_Exercise goal_
Using only the entries below, copy exactly the lines that begin at the one with "Сидней, Австралия. Элинор" and end at the one with "Vittoriosa, Malta - 17.", both included. Drop the pictures.

_Provided material_

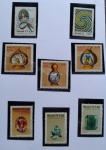 Selos do Brasil, parte de coleção, selos protegidos por Maximaphil de fundo preto. (S150)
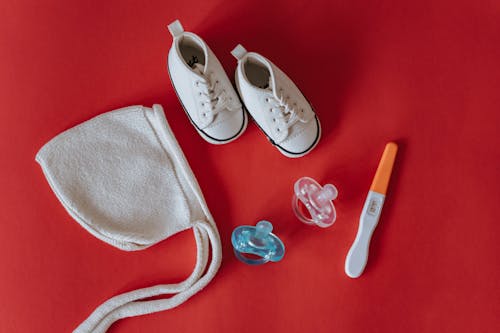 Close-Up Shot of Pregnancy Test Near Baby's Things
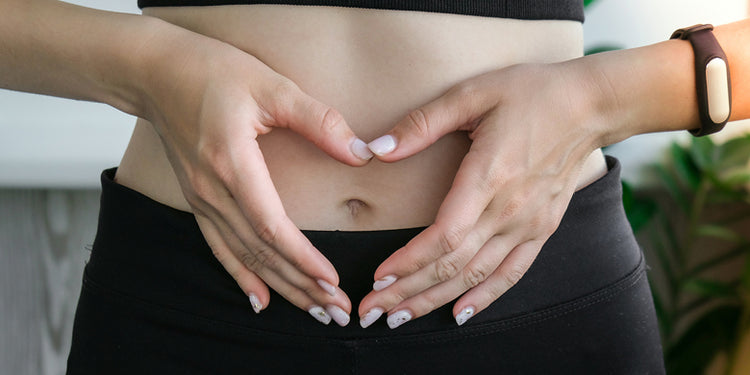 woman holding hands in heart shape over belly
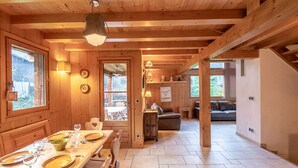 A wooden interior with a dining area, a sofa, and a staircase. - Family chalet with terrace and garden in Chamonix (Chamonix-Mont-Blanc)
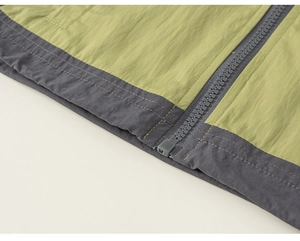 Detailansicht der zweifarbigen Kinderjacke mit Fokus auf Reißverschluss und Doppelnähten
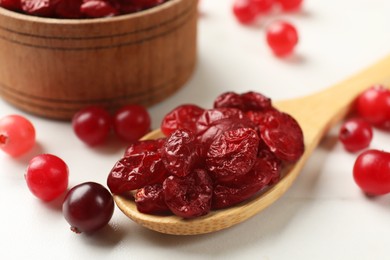 Photo of Tasty dried cranberries and fresh ones on white table, closeup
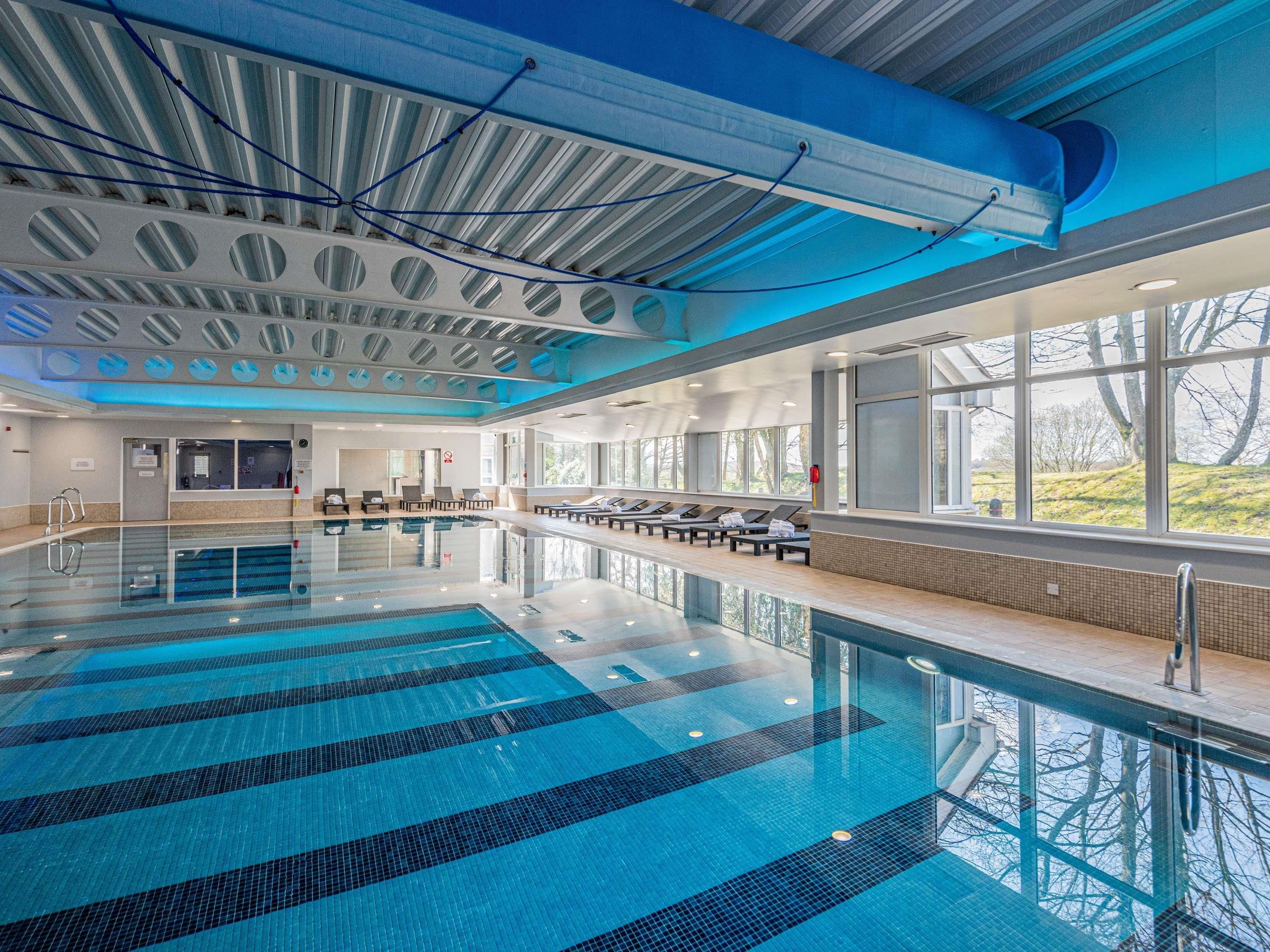 A large indoor swimming pool with clear blue water, sunlit windows, and lounge chairs along the side.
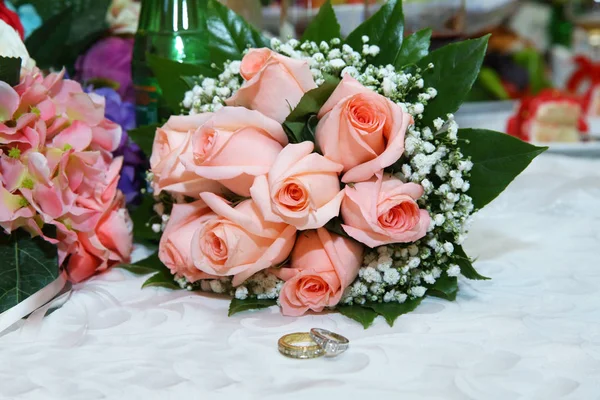 Gouden trouwringen op de roze boeket van bloemen. Stijlvolle roze verlovingsring bloem ringen voor de bruiloft boeket . — Stockfoto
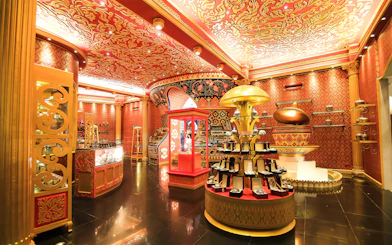 Phuket Fantasea ornate interior with vibrant red and gold decor, showcasing jewelry displays.
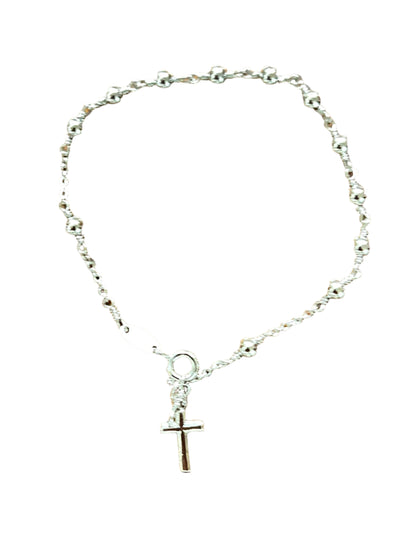 Rhodium plated brass rosary bracelet with small beads and cross charm on white background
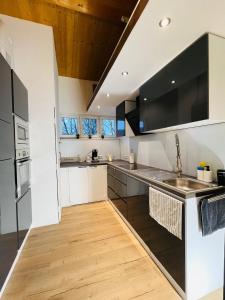 a kitchen with black and white cabinets and a wooden floor at Ferienwohnung Südtor 2 in Geisingen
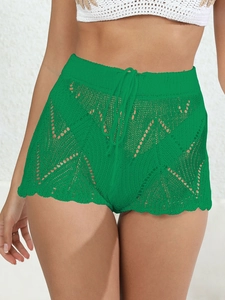 Dettaglio degli shorts all'uncinetto verde acceso con motivi geometrici traforati e laccio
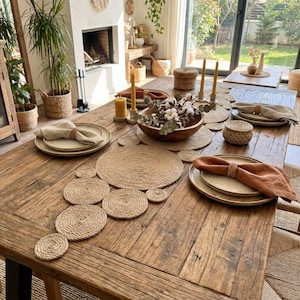 Wide farmhouse table with a jute coil runner, a wooden bowl of cotton stems and eucalyptus, rust linen napkins and beeswax candles by an open fireplace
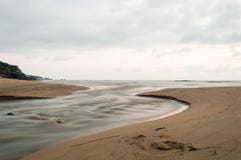 Atlantic Ocean. In the foreground, a stream flows into the sea stock images Atlantic Ocean. In the foreground, a stream flows into the sea stock images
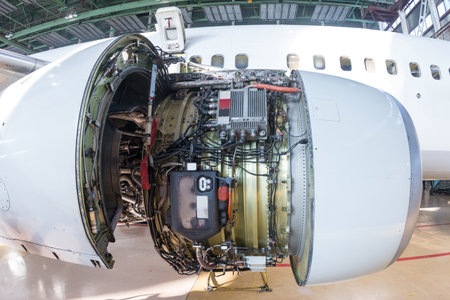 Close-up of an open high-bypass turbofan aircraft engine of a passenger airplane in a hangarの写真素材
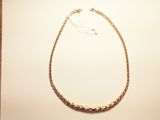 a close up of a gold necklace on a white surface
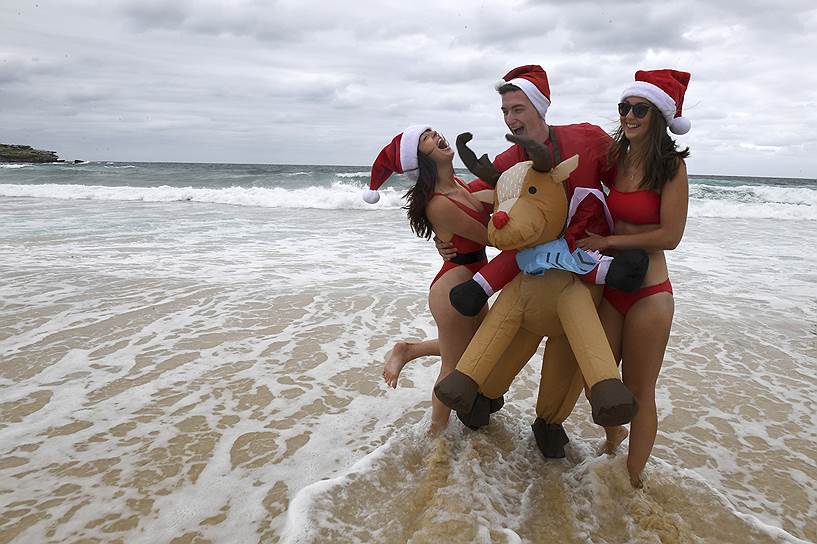 Сидней, Австралия. Элинор Хэдли из Уэльса (слева), Глен Хокинс из Англии (в центре) и Джоди Страхан из Шотландии (справа) в этом году решили встретить Рождество на пляже 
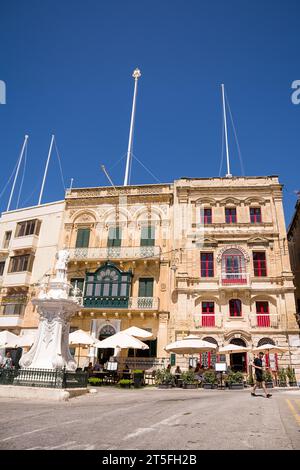 Vittoriosa, Malta - 17. Juni 2023: Sonnenschirme mit Bartischen auf dem Platz in Vittoriosa unter den Gebäuden Stockfoto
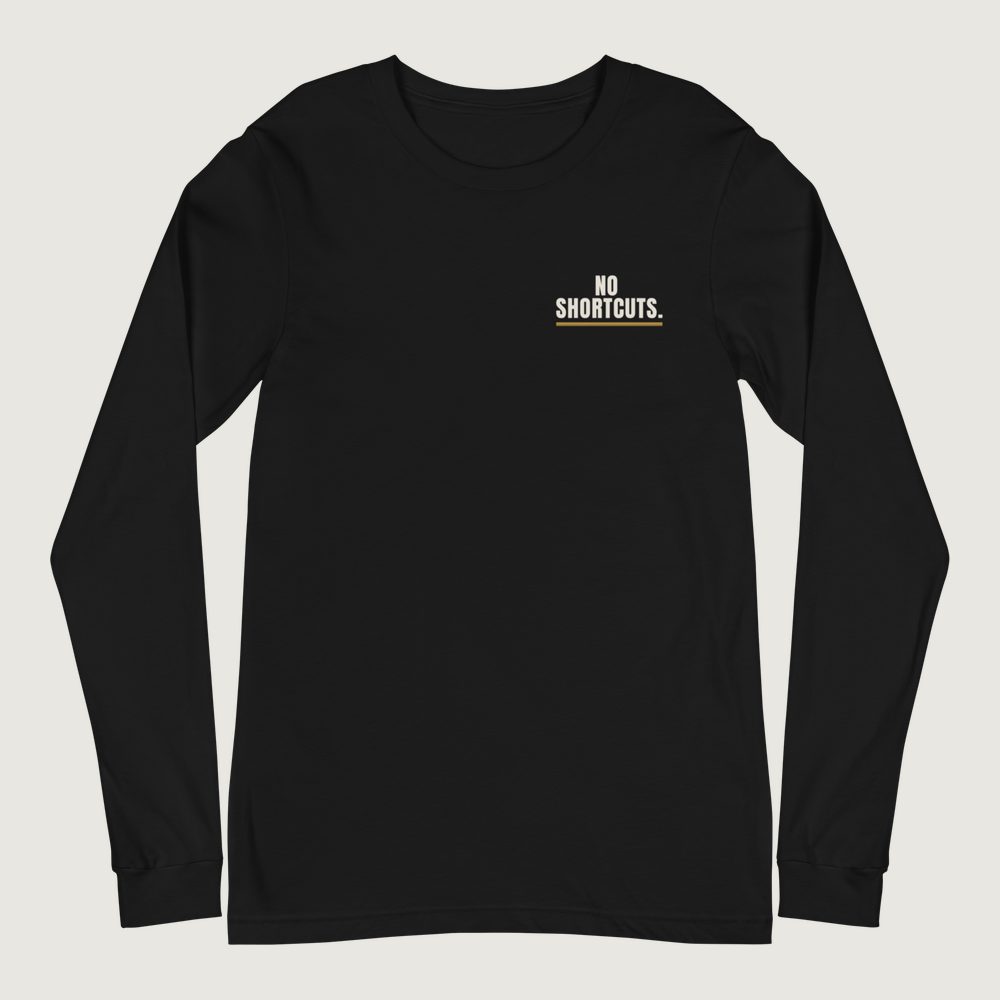 Warhorn Classic Long Sleeve in Black, front: “No Shortcuts.” lettering over a gold rule, left chest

_Solution to the problem_
 Сидней, Австралия. Элинор Хэдли из Уэльса (слева), Глен Хокинс из Англии (в центре) и Джоди Страхан из Шотландии (справа) в этом году решили встретить Рождество на пляже 
 Vittoriosa, Malta - 17. Juni 2023: Sonnenschirme mit Bartischen auf dem Platz in Vittoriosa unter den Gebäuden Stockfoto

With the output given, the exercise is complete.